Me acordé de ello cuando visité las Islas Carolinas, en Micronesia, donde vi a niños que apenas gateaban zambullirse sin ningún temor en los lagos y nadar, como suele ocurrir a esas edades, a lo perrito. Allí todo el mundo nada, no hay nadie que «no sepa» nadar, y los isleños son extraordinarios nadadores. Magallanes y otros navegantes que llegaron a Micronesia en el siglo XVI se quedaron atónitos ante su manera de nadar, y, viendo cómo nadaban y buceaban los isleños, saltando de ola en ola, no pudieron evitar compararlos con los delfines. Los niños, en concreto, se sentían tan en su elemento en el agua que, en palabras de otro explorador, parecían «más peces que humanos». (Fue de los habitantes de las Islas del Pacífico de quienes los occidentales, a principios del siglo XX , aprendimos a nadar crol, esa brazada oceánica hermosa y poderosa que ellos habían perfeccionado, mucho mejor y más adecuada para la forma humana que el estilo braza, más propio de una rana, que era el que más se utilizaba en la época.)
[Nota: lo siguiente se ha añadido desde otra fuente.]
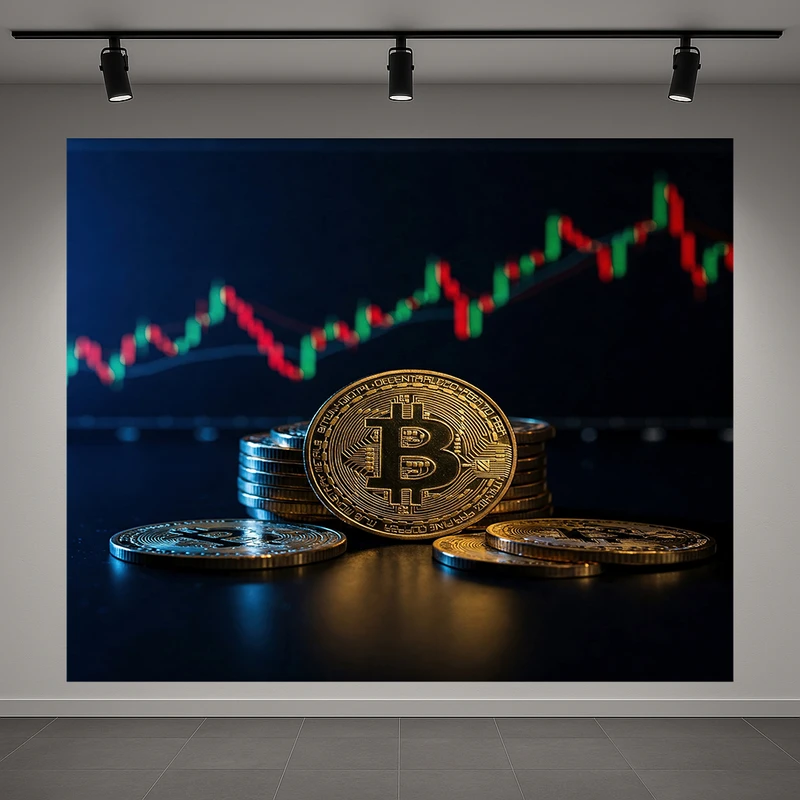 پوستر طرح ارز دیجیتال مدل نمودار بیت کوین کد AR3058937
En cuanto a mí, no recuerdo que me enseñaran a nadar; creo que aprendí a dar brazadas nadando con mi padre, aunque su brazada lenta y medida, con la que devoraba kilómetros (era un hombre poderoso que pesaba casi ciento quince kilos), no era del todo adecuada para un niño. Pero me daba cuenta de que mi viejo, enorme y pesado en tierra, en el agua adquiría la elegancia de una marsopa; y yo, acomplejado, nervioso y bastante torpe, hallaba esa deliciosa transformación en mí mismo, y descubría en el agua un nuevo ser, una nueva manera de existir. Guardo un vivo recuerdo de unas vacaciones de verano en la costa de Inglaterra el mes posterior a mi decimoquinto cumpleaños, un día que entré en la habitación de mis padres y me puse a tirar de la ballenesca mole de mi padre. «¡Vamos, papá!», dije. «Vamos a nadar.» Se volvió lentamente hacia mí y abrió un ojo. «¿Cómo se te ocurre despertar a un anciano de cuarenta y tres años a las seis de la mañana?» Ahora que mi padre ha muerto, y que yo tengo casi el doble de la edad que él tenía en esa época, ese recuerdo tan antiguo también tira de mí, y me entran ganas de reír y llorar a la vez.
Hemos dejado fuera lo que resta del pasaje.